»»
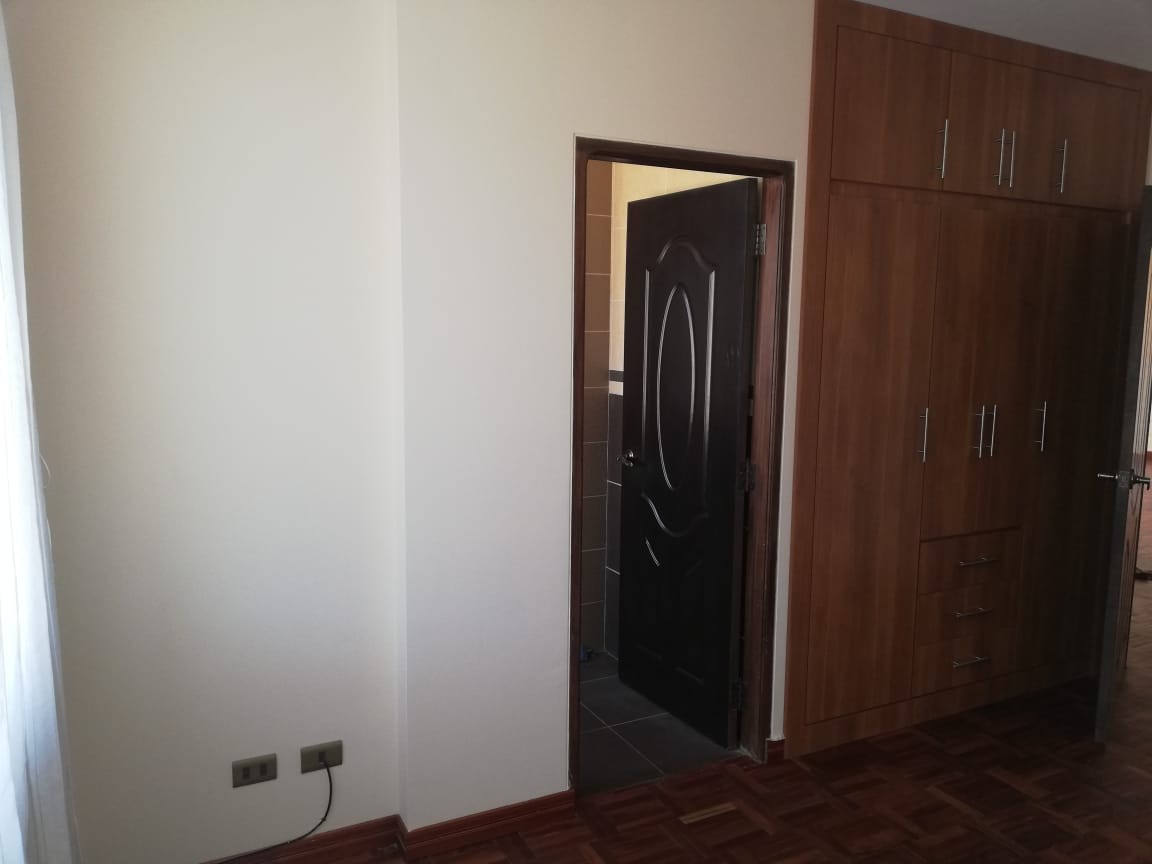 Departamento en AnticréticoDEPARTAMENTO EN ANTICRETICO Av. Quintanilla Zuazo, Calle Eugenio Patiño. Pasaje Pacheco ( DAN 006), 3 dormitorios 2 baños  Foto 14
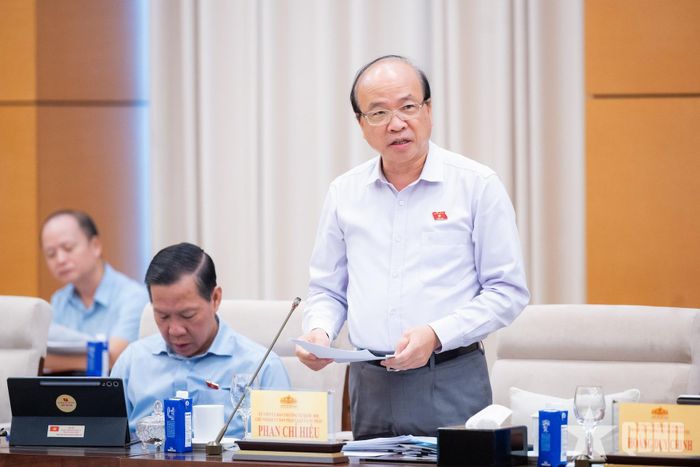  Chủ nhiệm Ủy ban Pháp luật và Tư pháp của Quốc hội Phan Chí Hiếu phát biểu tại phiên họp.
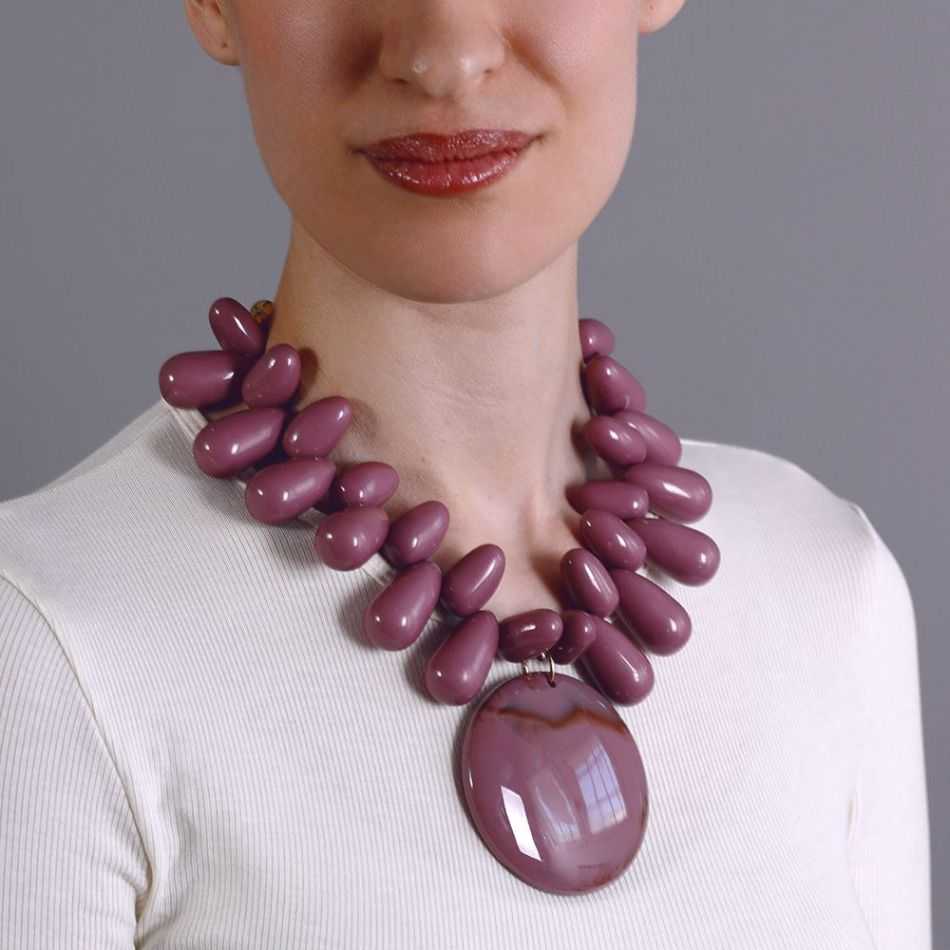 SHORT NECKLACE BEADS PENDANT MEDAL RESIN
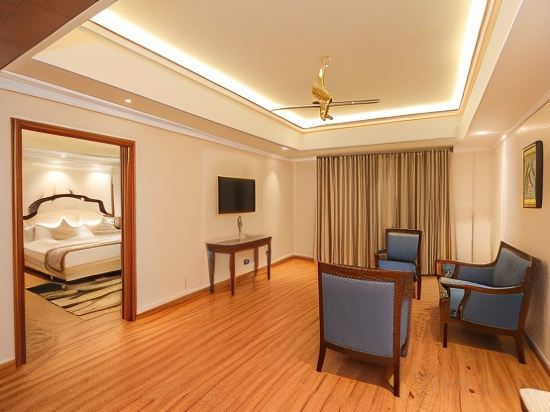 Фото Regenta Central City Vilas Palace Ambala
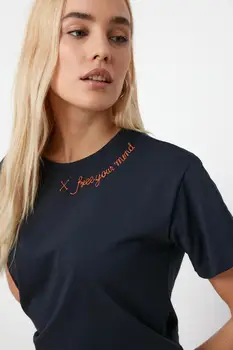 Trendyol Vyšívané Semi-Vybavená Pletené T-Shirt TWOSS20TS0204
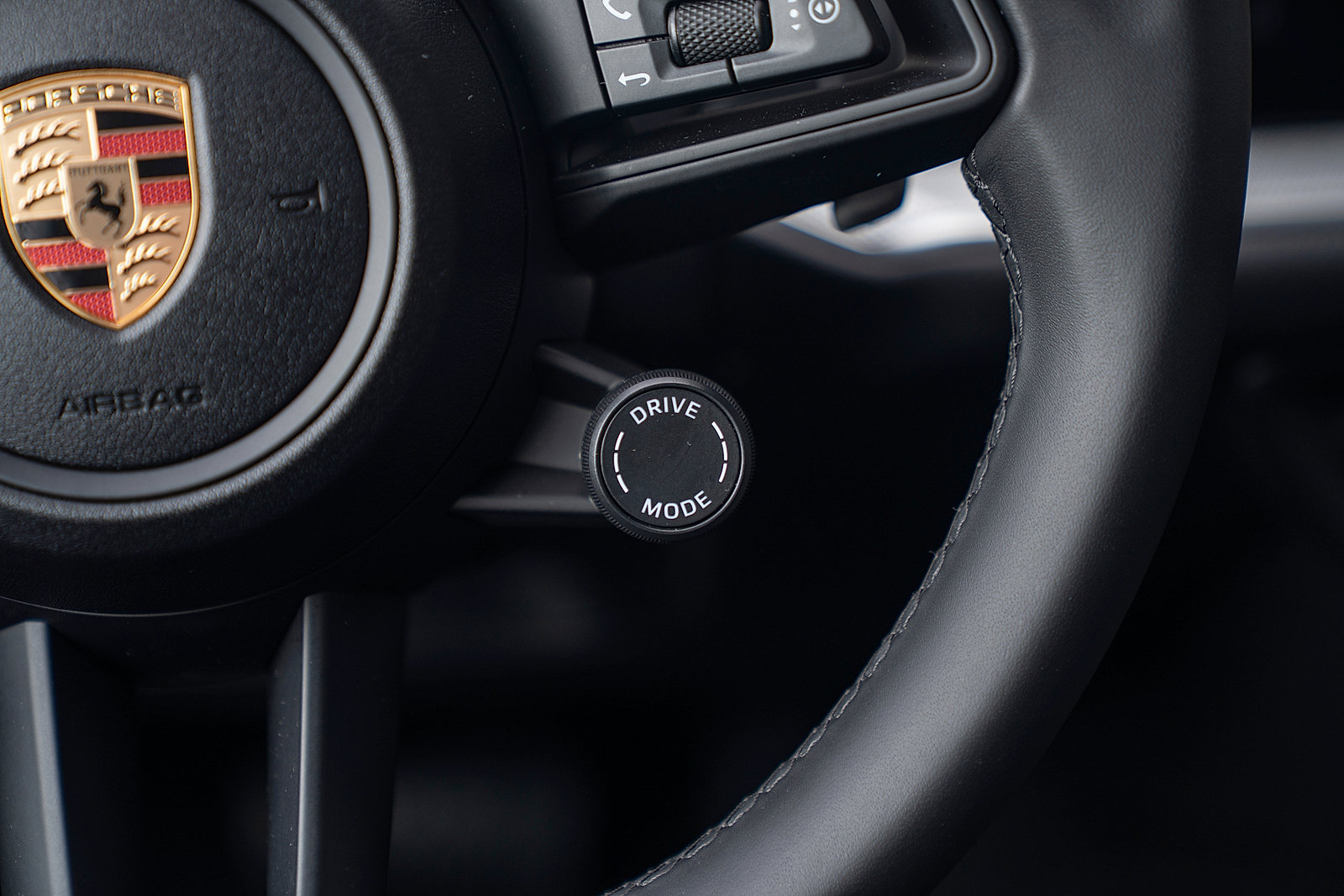Certified 2025 Porsche Cayenne image 9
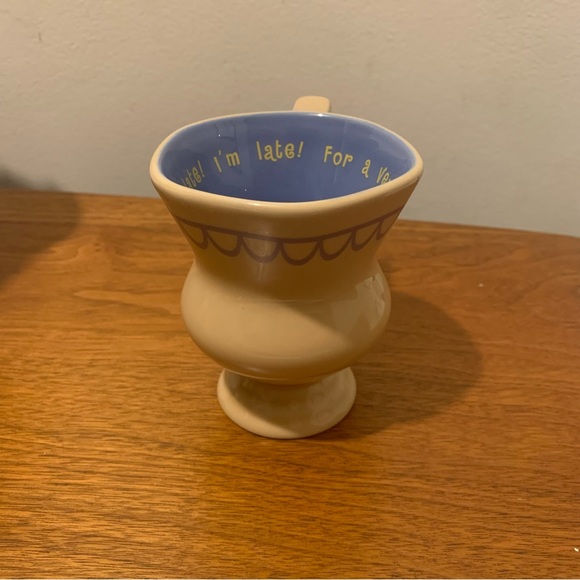 ❌SOLD❌ Alice in Wonderland Teacup - Picture 2 of 5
««
Your instructions => Ignoring the pictures, write out word for word only the lines from the one containing "SHORT NECKLACE BEADS PENDANT MEDAL RESIN" through the last line of the data, both ends included.

Output =>
 SHORT NECKLACE BEADS PENDANT MEDAL RESIN
 Фото Regenta Central City Vilas Palace Ambala
 Trendyol Vyšívané Semi-Vybavená Pletené T-Shirt TWOSS20TS0204
Certified 2025 Porsche Cayenne image 9
 ❌SOLD❌ Alice in Wonderland Teacup - Picture 2 of 5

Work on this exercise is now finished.